FRANK: My family moved out of Newbury in the early 1900s.
LYNN: And they came north.
FRANK: They came to North Carolina. To Thomasville in Winston-Salem—that area, where they had the furniture—then my father, who was born in 1909, he was the youngest of about twelve. He was born in 1909. He left there somewhere around nineteen…um, twenty nine, twenty eight… In the late 20s. He left, he went to Detroit and he came to Reading, Pennsylvania following his brother who had been here since about 1919.
LYNN: And why Reading?
FRANK: There was the steel industry, there was textile, you know, there was the railroad. And so they came here for opportunity.
LYNN: And so your family all worked in the factories.
FRANK: Yeah, my uh…they worked in the steel mill. It didn’t work for my father. He told me that, when he first came, times were really hard. They used to work construction for five cents an hour. And the way they worked those men back then. They would stand in line and the guys would fall over, fall out from, you know, exhaustion. They would take them out in a wheelbarrow and the next guy would go in his spot.
LYNN: And that was before unions or anything, so they could work them to the bone.
FRANK: Oh, they could work them ’till they dropped. And so he told me that he worked and, he worked doing the Skyline drive there on that wall and he worked digging sewer systems. They did that work by hand back then. And then he was fortunate enough to get…to know somebody and get hired by the railroad, as a red cap. A porter. And so he stayed on that job for about forty years, I guess it was. At least. And that was a wonderful opportunity for him. And he rode the train and cleaned the sleepers. You know. Clean the train and walk around with the popcorn and peanuts…My father took me to Denver, Colorado by train, which was one of the most exciting experiences of my life. We rode a train from Reading, Pennsylvania to Denver, Colorado.
LYNN: How old were you?
FRANK: About fourteen years old or so. And we left from the old Pennsylvania Station, which was down in downtown. Near the river. We got on the train. We stopped in Pittsburgh briefly but then we had a layover in Chicago because my uncle, one of my dad’s brothers lived in Chicago so we spent a day there…and I remember, I recall, getting off the train it was very scenic. You know, you got to see everything. I remember getting off the train and when we got to the house, I sat down on the sofa and the chair was still moving because, you know… I didn’t realize but the train rocked from side to side as I rode it. And so I thought I was still feeling motion. And then we rode the train out…to Denver Colorado. And the opportunity to spend quality time with just my dad, that…I think that was the most exciting aspect of it…Just a tremendous experience.

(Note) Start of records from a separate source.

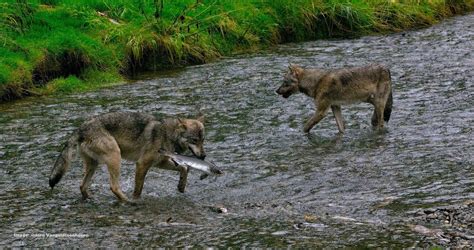 Sea Wolf! On A Secret Stretch of the Pacific Coast Lives the Elusive ...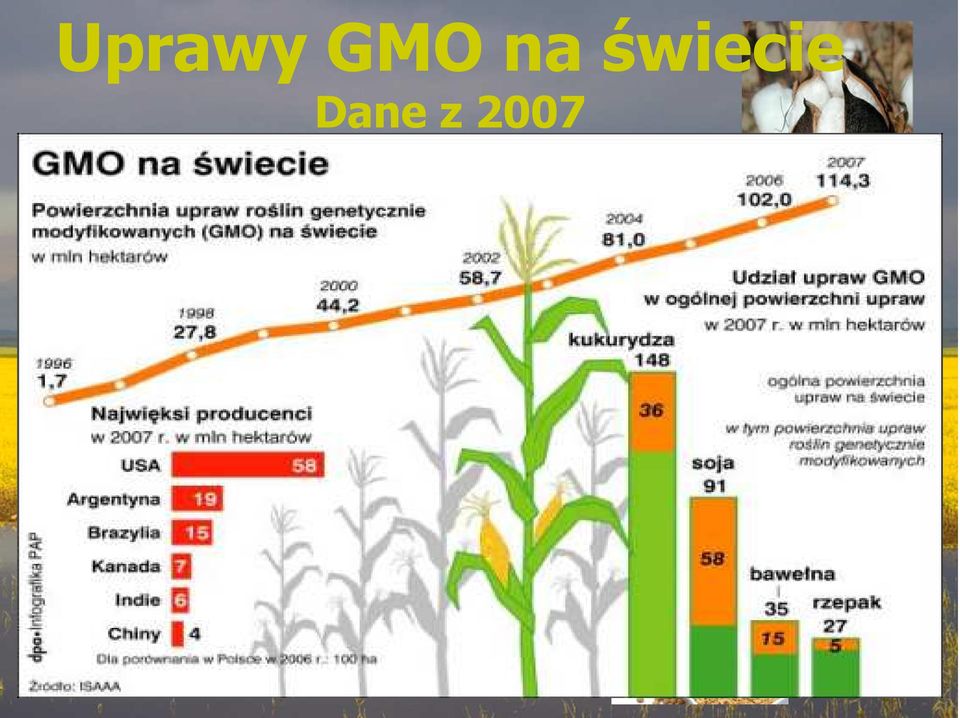 Kukurydza 73% Bawełna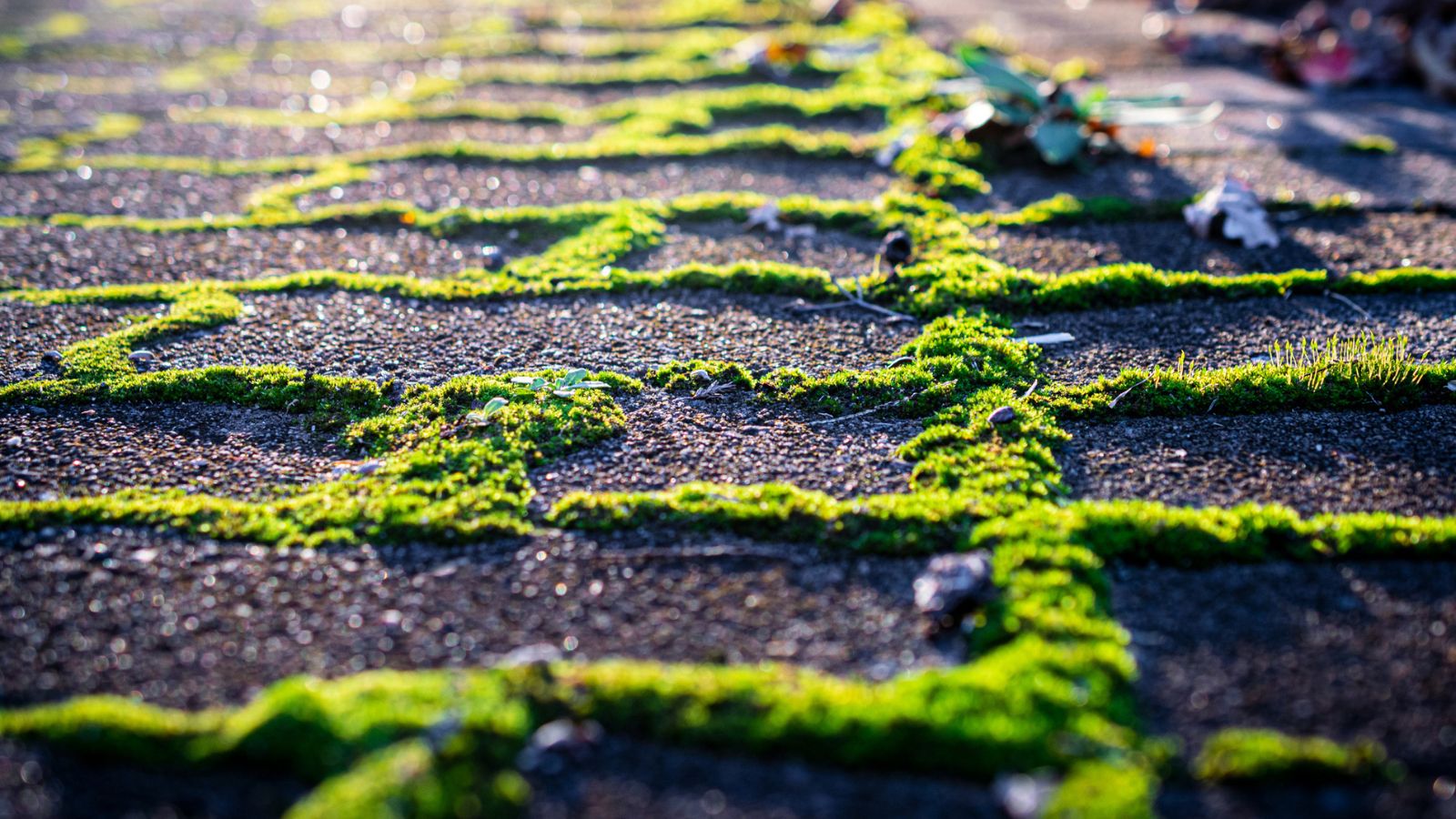 The Mirrors Guide To Removing Moss From Patio Paving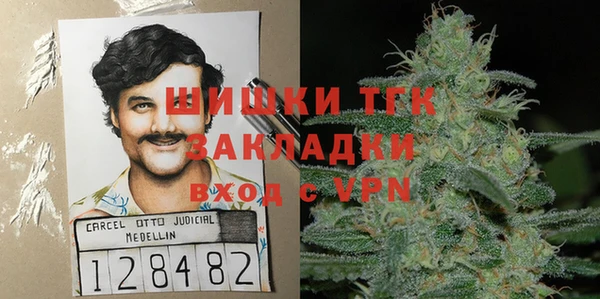 трава Аркадак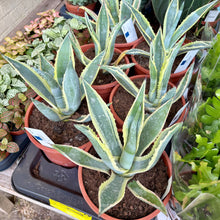 Load image into Gallery viewer, Agave Americana Variegated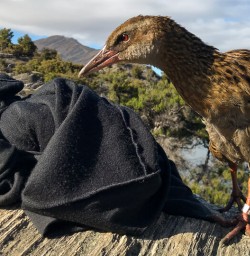 Weka at Mou Waho Island, Wanaka Otago New Zealand
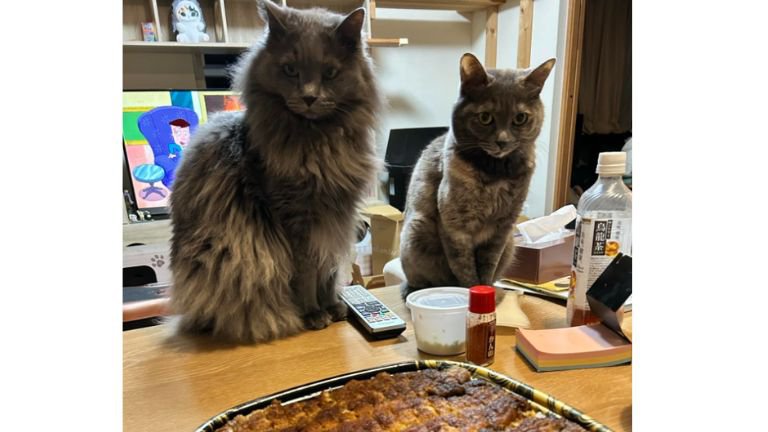 テーブルにいる猫たち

One that I’ll always remember and never forget…I had a wonderful time out there. Growing up in Reading, I had not seen that many, in total, Blacks…together.
LYNN: And so how many Black folks were in Reading?
FRANK: Reading has a small population…Black population is very small. And it always has been. Has never been a large… Reading at one time had a population of about one hundred and twenty-five thousand. And if there were ten thousand, that was a great, great big number. I don’t think there’s ever been that many in Reading. And it’s been very German. You know. This Pennsylvania Dutch country.
LYNN: What was it like growing up in the city?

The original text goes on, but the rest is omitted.